Banyak Diterapkan di Negara Maju, Skema Co-Payment Asuransi Ideal di Indonesia?

2 minggu yang lalu 9
ARTICLE AD BOX
 Suphaksorn Thongwongboot/ShutterstockIlustrasi asuransi. Foto: Suphaksorn Thongwongboot/Shutterstock

Otoritas Jasa Keuangan (OJK) mengeluarkan kebijakan baru yang membuat peserta asuransi harus membayar biaya perawatan saat berobat. Skema ini disebut dengan co-payment atau pembagian risiko.

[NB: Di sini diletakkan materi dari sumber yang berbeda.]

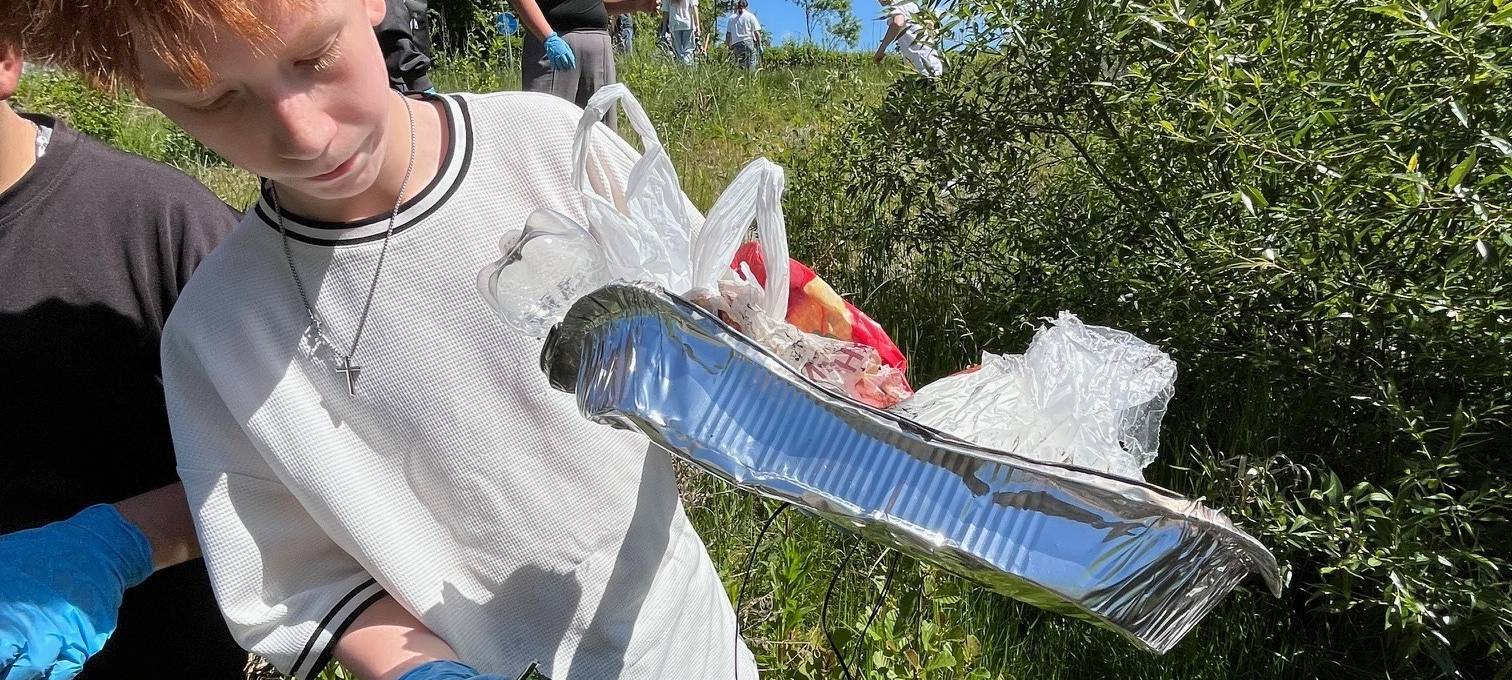 Schüler sammeln säckeweise Müll in Plettenberg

Aturan baru ini tertuang dalam Surat Edaran Nomor 7/SEOJK.05/2025. Dalam beleid tersebut, peserta wajib menanggung minimal 10 persen dari total klaim, sekalipun nilai pengobatan sepenuhnya tercantum dalam polis.

Kebijakan ini akan berlaku mulai 1 Januari 2026. Skema co-payment wajib untuk semua produk asuransi kesehatan, baik konvensional maupun syariah, yang menggunakan skema ganti rugi (indemnity) maupun pelayanan kesehatan terkelola (managed care).

Ketua Sekolah Tinggi Manajemen Risiko dan Asuransi (STIMRA), Abitani Taim, mengatakan skema co-payment sudah diadaptasi oleh banyak negara maju, baik itu di Uni Eropa hingga Australia.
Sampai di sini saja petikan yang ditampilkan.